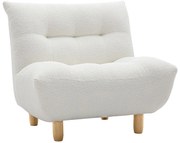 Poltrona scandinava in tessuto effetto lana bouclé bianco e legno chiaro YUMI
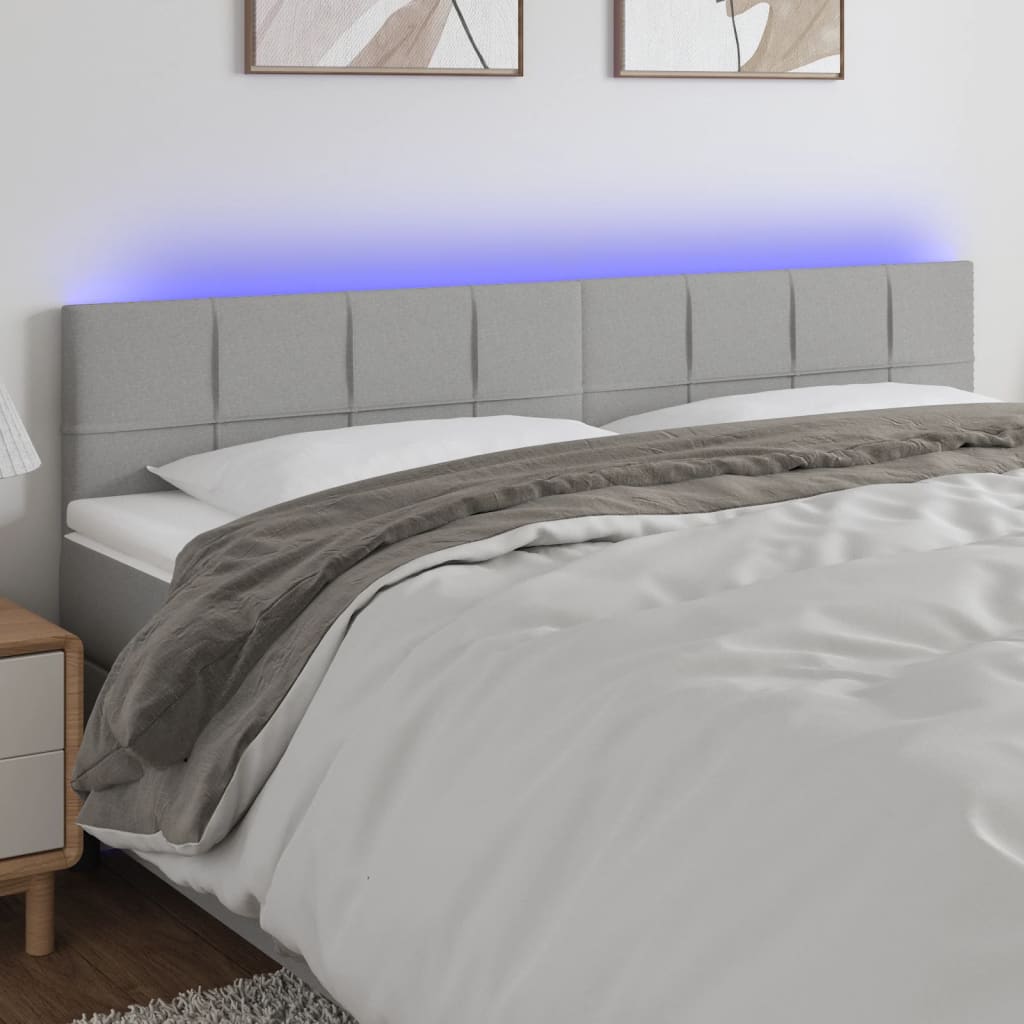 Tăblie de pat cu LED, gri deschis, 160x5x78/88 cm, textil - Lando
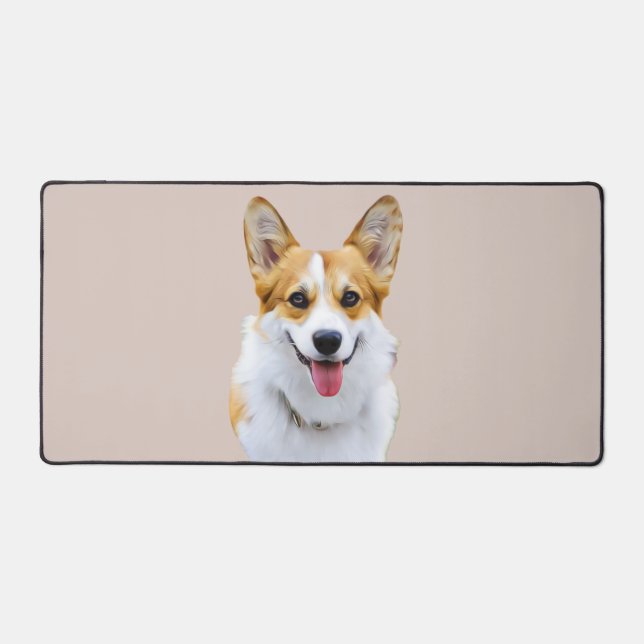 Custom Welsh Corgi Dog Personalized Drawing Desk Mat (Front)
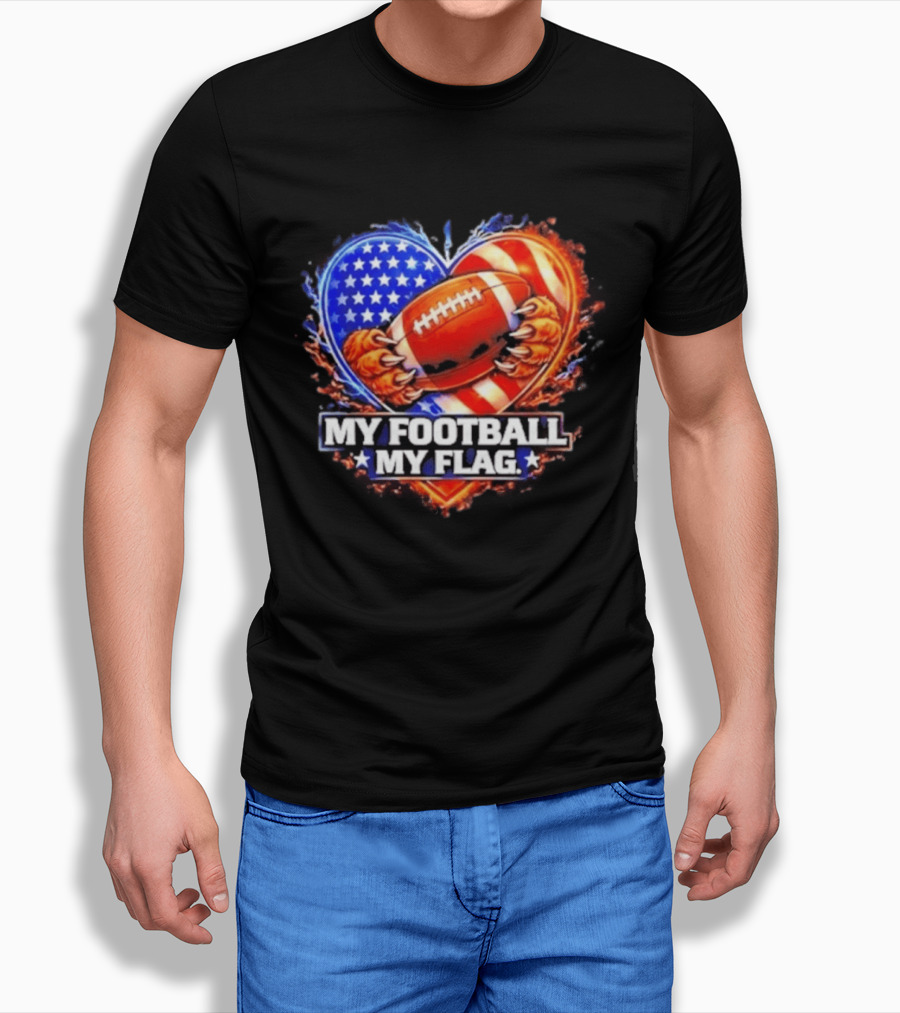 Heart American Football 2026 Season My Football My Flag T-Shirt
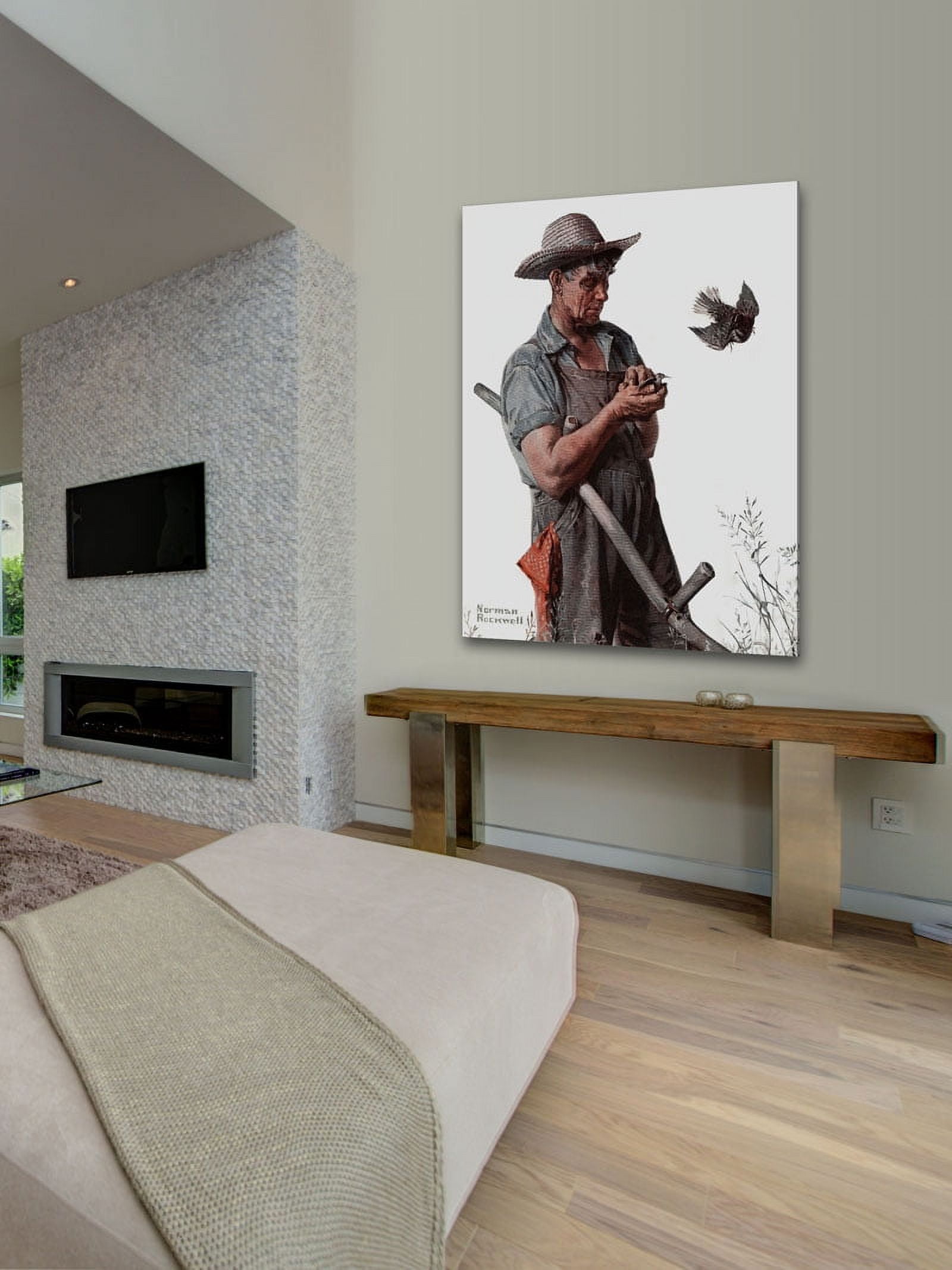 Marmont Hill 'Farmer And The Bird' by Norman Rockwell Painting Print on Wrapped Canvas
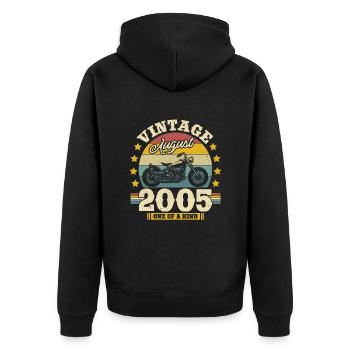 Birthday Gift August 2005 - Unisex Premium Organic Zip Hoodie - black - Back - Nico (187cm)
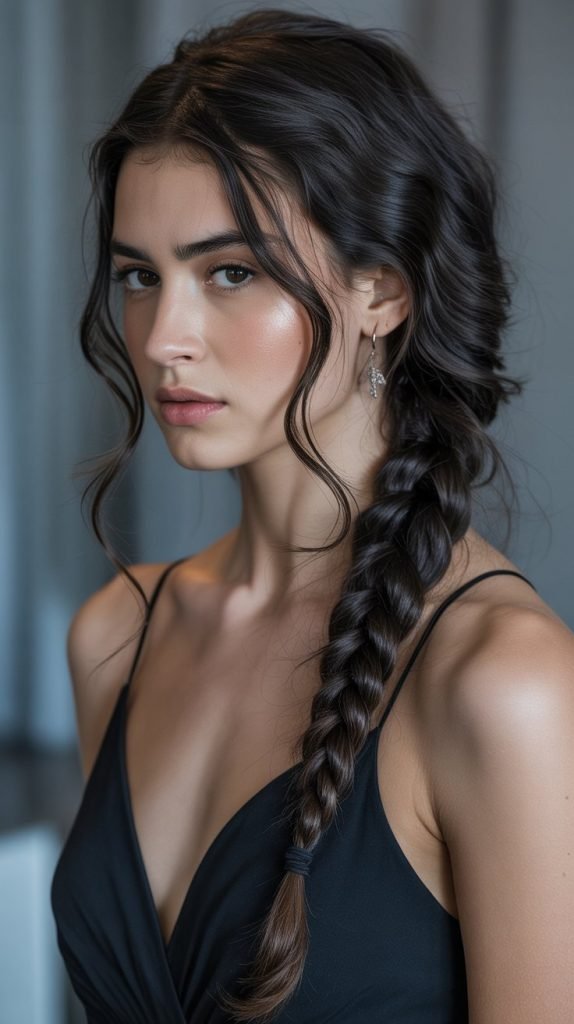 Raven Black Side Braid
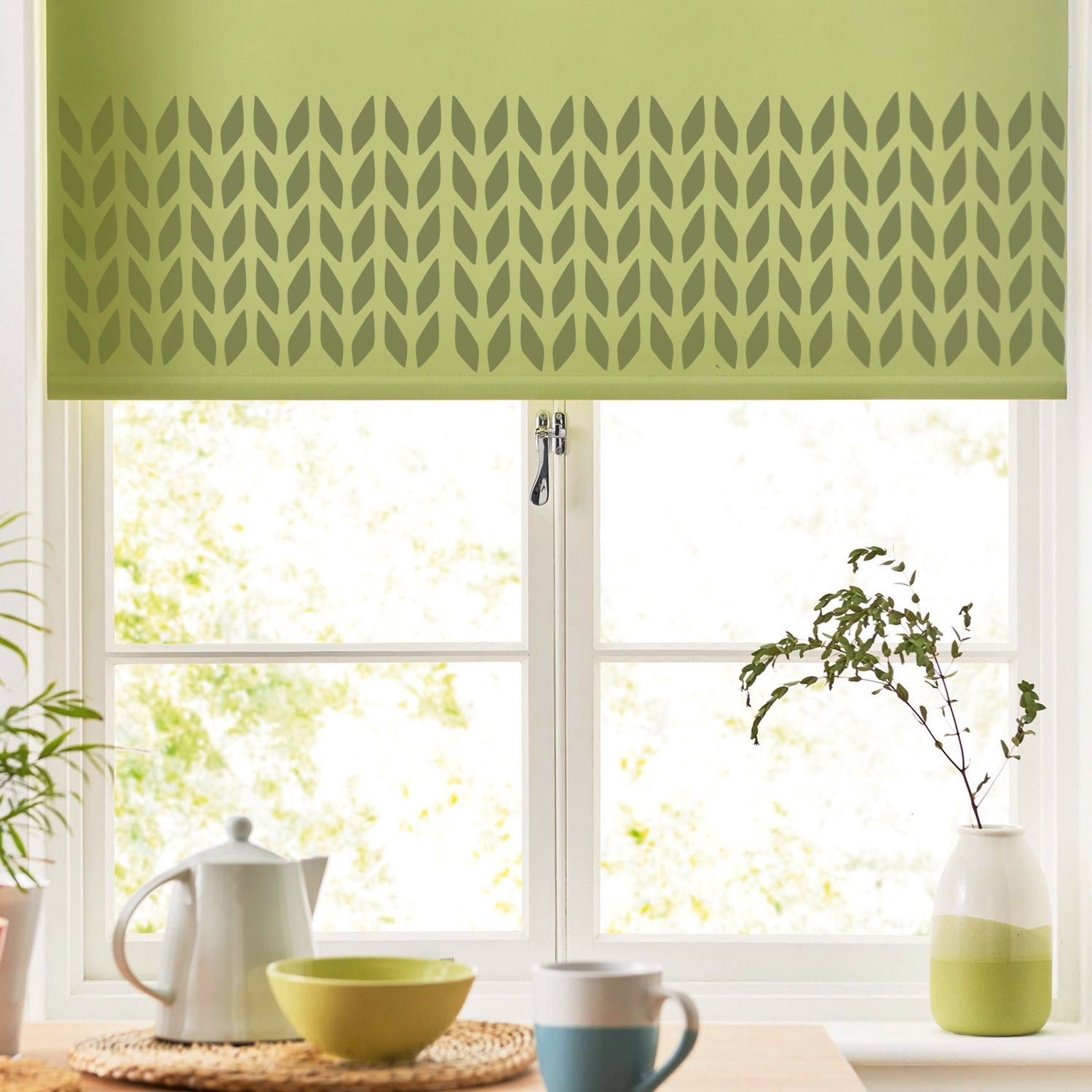 CraftStar Knitting Pattern Stencil on Fabric Window Blind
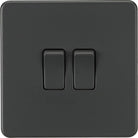 Knightsbridge Screwless Anthracite 2G Intermediate Light Switch SF1202AT - The Switch Depot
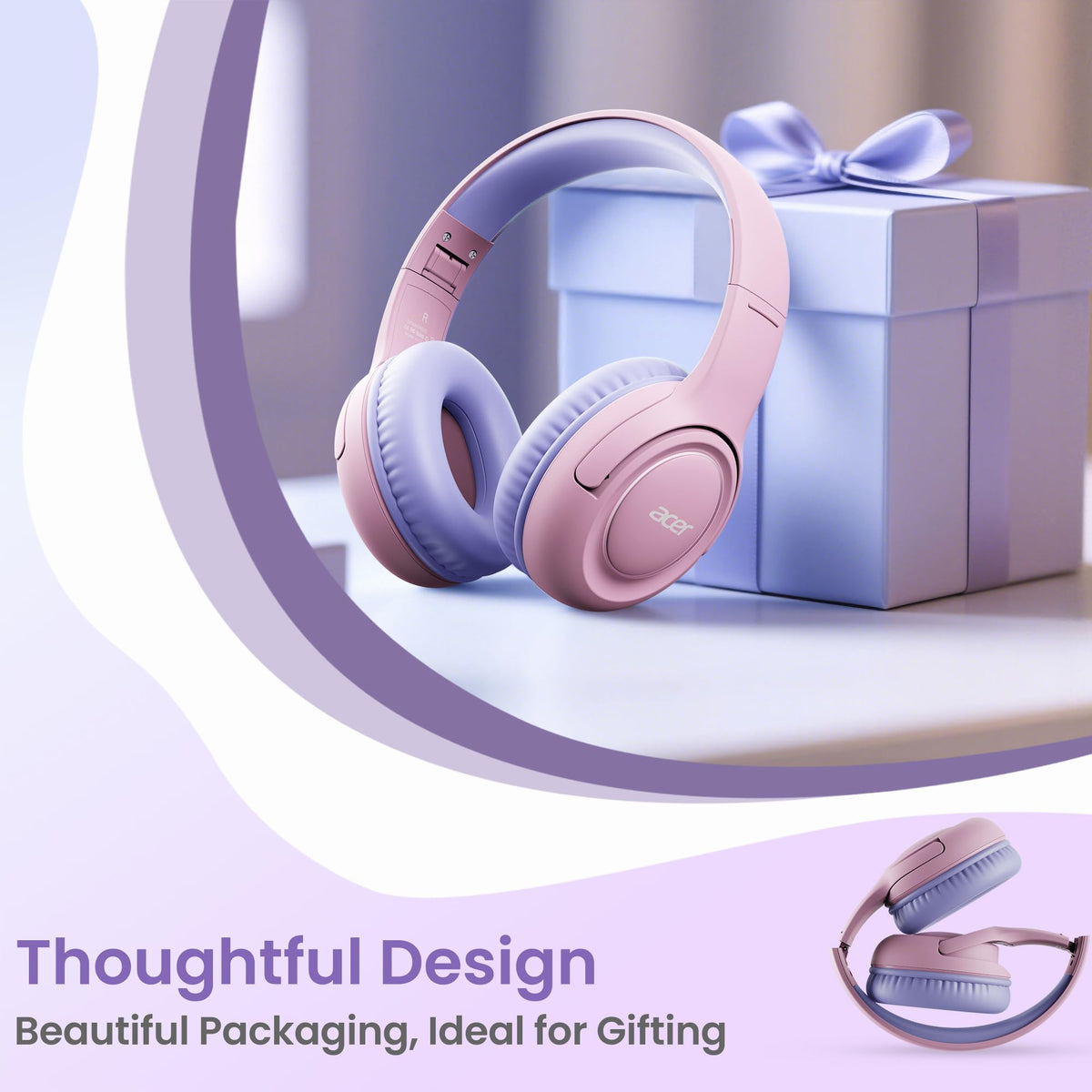 Acer USB-C Kids Headphones travel-ready for school and iPad use.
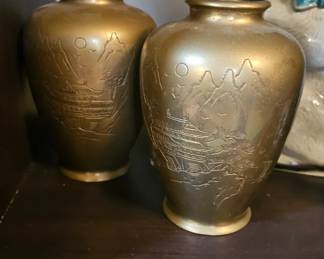 Pair of vintage Japanese brass urn vase with hand-etched designs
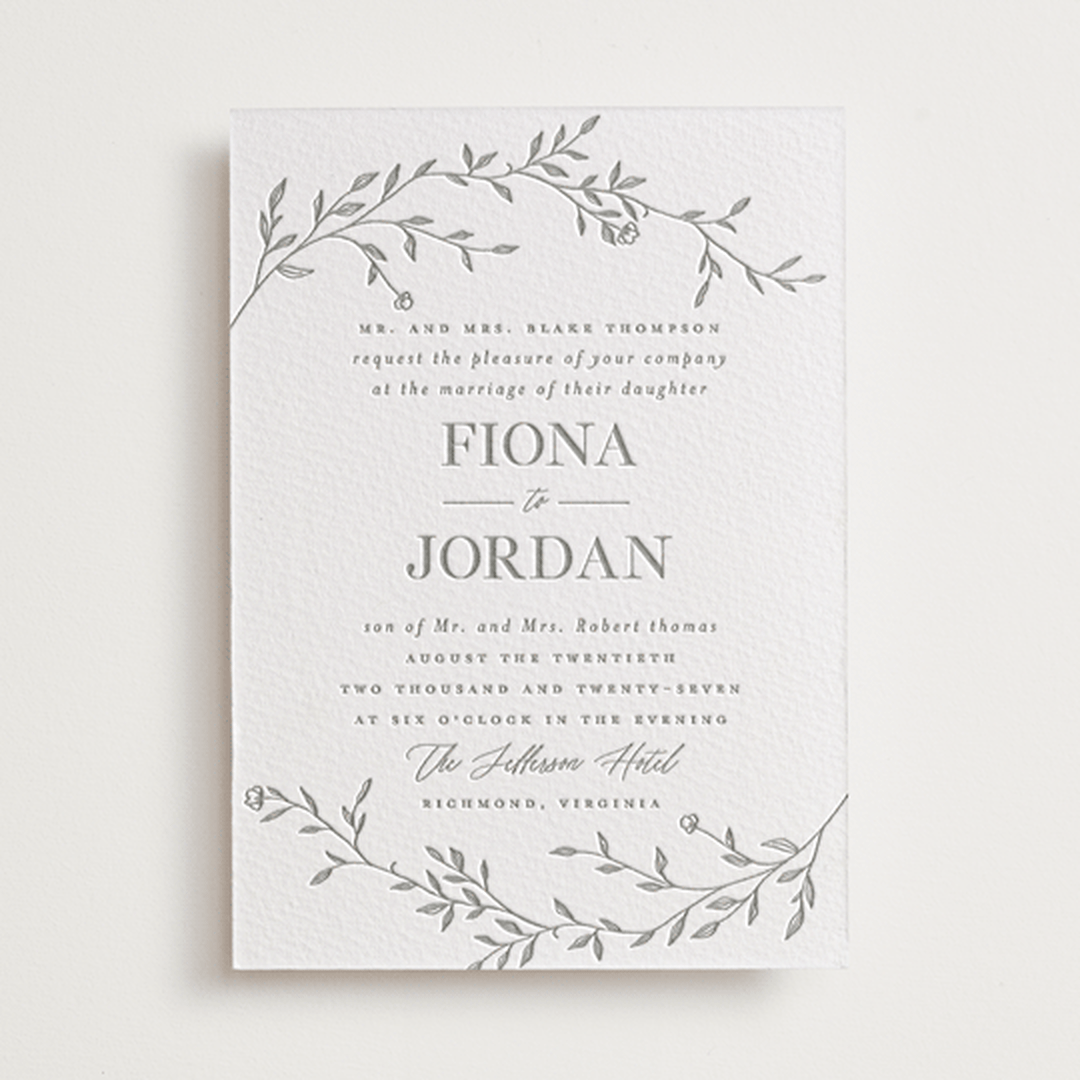 "Jasmine" - Letterpress Wedding Invitations in Ash by Vera Lim - Front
-=-=-
Your answer must be the records above, copied exactly, with no pictures.

 Poltrona scandinava in tessuto effetto lana bouclé bianco e legno chiaro YUMI
 Tăblie de pat cu LED, gri deschis, 160x5x78/88 cm, textil - Lando
 Custom Welsh Corgi Dog Personalized Drawing Desk Mat (Front)
 Heart American Football 2026 Season My Football My Flag T-Shirt
 Marmont Hill 'Farmer And The Bird' by Norman Rockwell Painting Print on Wrapped Canvas
 Birthday Gift August 2005 - Unisex Premium Organic Zip Hoodie - black - Back - Nico (187cm)
 Raven Black Side Braid
 CraftStar Knitting Pattern Stencil on Fabric Window Blind
 Knightsbridge Screwless Anthracite 2G Intermediate Light Switch SF1202AT - The Switch Depot
 Acer USB-C Kids Headphones travel-ready for school and iPad use.
 Pair of vintage Japanese brass urn vase with hand-etched designs
 "Jasmine" - Letterpress Wedding Invitations in Ash by Vera Lim - Front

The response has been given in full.